In 1970, Anderson requested a transfer to the city room but instead was moved to the home and design department. She left the paper in 1972 to become dean of University Relations and Development at Florida International University.

In 1973 she was appointed by Florida governor Reubin Askew to the Florida Commission on the Status of Women.

In 1980 she wrote Julia's Daughters: Women in Dade's History for Herstory of Florida.

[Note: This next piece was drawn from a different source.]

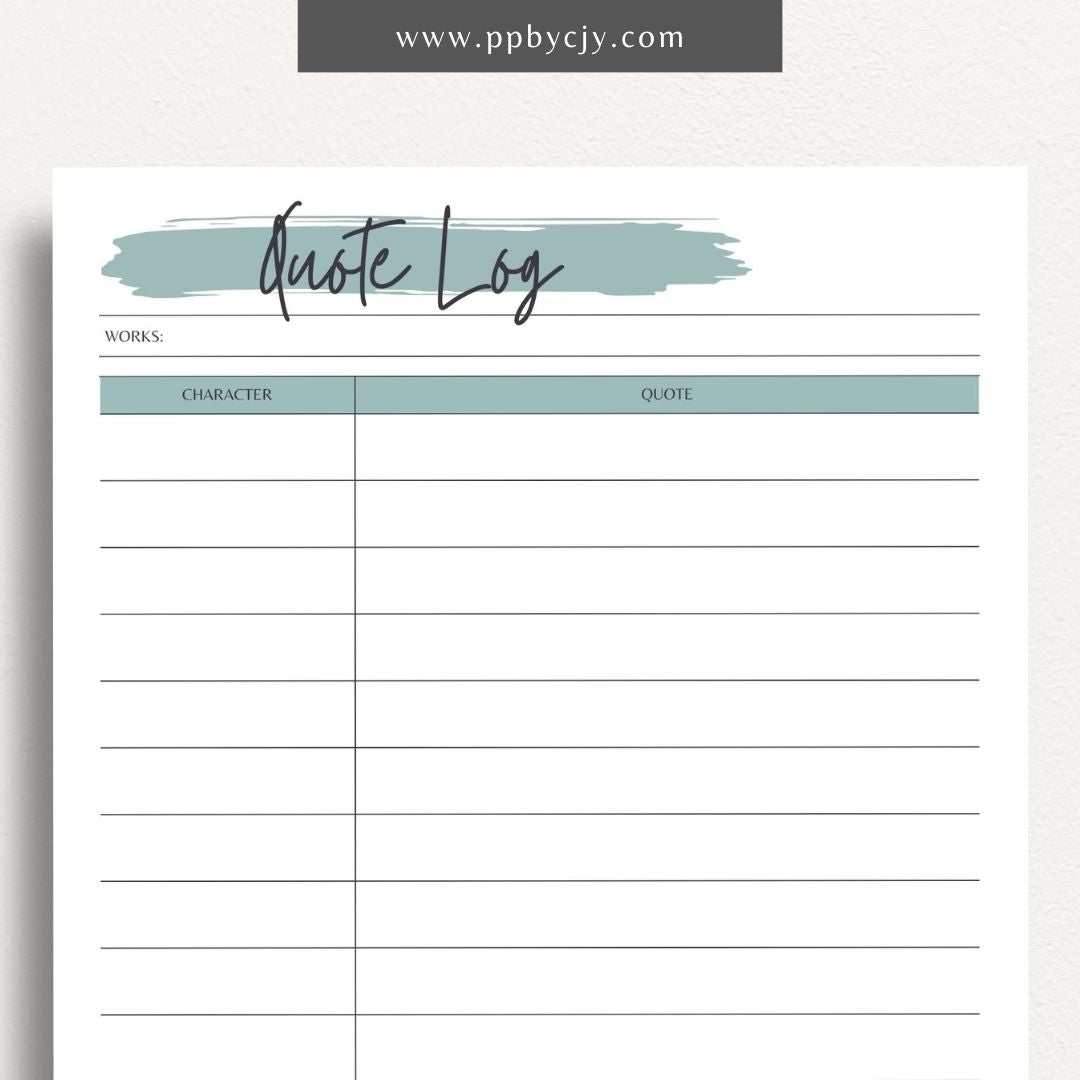 Quote Log Printable Template – Digital download for recording and organizing inspirational quotes and references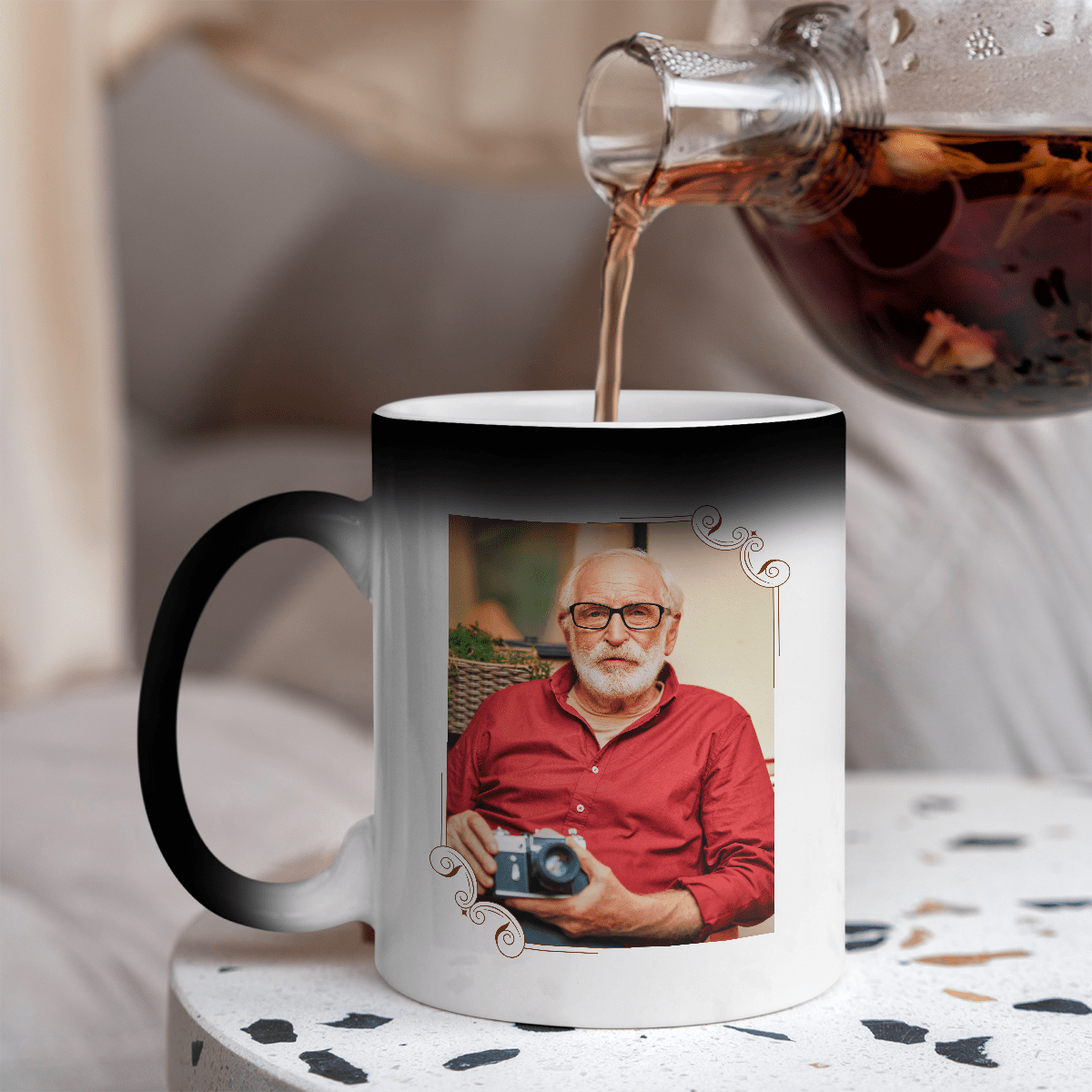 90. urodziny dziadka - 1x Kubek magiczny z nadrukiem, spersonalizowany prezent dla dziadka - idamell.com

In 1989 she was selected to participate in the Washington Press Foundation's Women in Journalism Oral History Project, one of four women's page journalists included. The others were Jurney, Paxson, and Vivian Castleberry.

==Awards==
As Women's Page editor for the Miami Herald Anderson won four Penney-Missouri Awards for General Excellence. The section won the award in 1960, the year of the awards' inauguration. In 1961, it won again, and the program director asked Anderson to sit the 1962 awards out. In 1963 the paper took second place, and in 1964 another first, and the paper was barred from competing for the next five years. In 1969 it won another first. Kimberly Wilmot Voss and Lance Speere, writing in the scholarly journal Florida Historical Quarterly, said Anderson "personified" the Penney-Missouri competition's goals.

==Impact==
Voss and Speere called her "A Women's Page Pioneer." Writing in the scholarly journal Journalism History, Rodger Streitmatter said that Anderson, along with Jurney and Vivian Castleberry, were the "major forces in helping to change women's pages" and that Anderson "ultimately built one of the most progressive women's sections in the country." Castleberry said, "Back then, there were just a few papers that were on the cutting edge of women's issues, and Marie Anderson's was one of that small number. Papers like The New York Times were light years behind." Herald publisher Lee Hills called her "a leader of the transition from the traditional women's section to the modern living section" and said her leadership had made the Herald "a pioneer in that trend." The Herald called her "a trailblazer who transformed women's page journalism into an arena for politics and social issues."

Anderson's papers are in the National Women and Media Collection, housed at the Western Manuscripts Collection at the University of Missouri.

==Personal life==
Anderson died July 2, 1996, in Altamonte Springs, Florida. She had no children and was never married.